==== Excerpted records ====

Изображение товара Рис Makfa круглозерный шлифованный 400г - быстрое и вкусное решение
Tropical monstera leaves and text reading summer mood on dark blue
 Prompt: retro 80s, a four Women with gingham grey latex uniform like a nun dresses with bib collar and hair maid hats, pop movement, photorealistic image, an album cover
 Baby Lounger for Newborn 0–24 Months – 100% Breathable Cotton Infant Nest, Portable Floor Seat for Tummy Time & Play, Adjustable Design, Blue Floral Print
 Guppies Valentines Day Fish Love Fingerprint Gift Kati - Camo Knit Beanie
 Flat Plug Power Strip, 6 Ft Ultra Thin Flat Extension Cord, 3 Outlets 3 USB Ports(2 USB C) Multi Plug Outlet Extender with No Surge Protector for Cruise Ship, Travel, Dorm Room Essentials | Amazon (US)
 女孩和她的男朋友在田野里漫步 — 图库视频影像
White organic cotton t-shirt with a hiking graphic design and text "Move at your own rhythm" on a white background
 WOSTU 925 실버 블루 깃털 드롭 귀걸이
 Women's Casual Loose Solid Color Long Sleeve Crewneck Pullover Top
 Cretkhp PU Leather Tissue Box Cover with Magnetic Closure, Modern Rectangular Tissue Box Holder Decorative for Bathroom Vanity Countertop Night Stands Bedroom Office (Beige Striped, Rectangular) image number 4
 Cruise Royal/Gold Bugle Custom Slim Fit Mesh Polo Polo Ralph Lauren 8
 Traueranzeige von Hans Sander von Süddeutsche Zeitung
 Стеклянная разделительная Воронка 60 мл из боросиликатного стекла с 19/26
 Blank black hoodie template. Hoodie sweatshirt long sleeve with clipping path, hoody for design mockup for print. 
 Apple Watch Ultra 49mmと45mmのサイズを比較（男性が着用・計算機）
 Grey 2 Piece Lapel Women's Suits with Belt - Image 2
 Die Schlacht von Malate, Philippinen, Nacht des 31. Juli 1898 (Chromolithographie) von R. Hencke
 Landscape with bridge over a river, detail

====

Return all of the data exactly as it reads.

Изображение товара Рис Makfa круглозерный шлифованный 400г - быстрое и вкусное решение
Tropical monstera leaves and text reading summer mood on dark blue
 Prompt: retro 80s, a four Women with gingham grey latex uniform like a nun dresses with bib collar and hair maid hats, pop movement, photorealistic image, an album cover
 Baby Lounger for Newborn 0–24 Months – 100% Breathable Cotton Infant Nest, Portable Floor Seat for Tummy Time & Play, Adjustable Design, Blue Floral Print
 Guppies Valentines Day Fish Love Fingerprint Gift Kati - Camo Knit Beanie
 Flat Plug Power Strip, 6 Ft Ultra Thin Flat Extension Cord, 3 Outlets 3 USB Ports(2 USB C) Multi Plug Outlet Extender with No Surge Protector for Cruise Ship, Travel, Dorm Room Essentials | Amazon (US)
 女孩和她的男朋友在田野里漫步 — 图库视频影像
White organic cotton t-shirt with a hiking graphic design and text "Move at your own rhythm" on a white background
 WOSTU 925 실버 블루 깃털 드롭 귀걸이
 Women's Casual Loose Solid Color Long Sleeve Crewneck Pullover Top
 Cretkhp PU Leather Tissue Box Cover with Magnetic Closure, Modern Rectangular Tissue Box Holder Decorative for Bathroom Vanity Countertop Night Stands Bedroom Office (Beige Striped, Rectangular) image number 4
 Cruise Royal/Gold Bugle Custom Slim Fit Mesh Polo Polo Ralph Lauren 8
 Traueranzeige von Hans Sander von Süddeutsche Zeitung
 Стеклянная разделительная Воронка 60 мл из боросиликатного стекла с 19/26
 Blank black hoodie template. Hoodie sweatshirt long sleeve with clipping path, hoody for design mockup for print. 
 Apple Watch Ultra 49mmと45mmのサイズを比較（男性が着用・計算機）
 Grey 2 Piece Lapel Women's Suits with Belt - Image 2
 Die Schlacht von Malate, Philippinen, Nacht des 31. Juli 1898 (Chromolithographie) von R. Hencke
 Landscape with bridge over a river, detail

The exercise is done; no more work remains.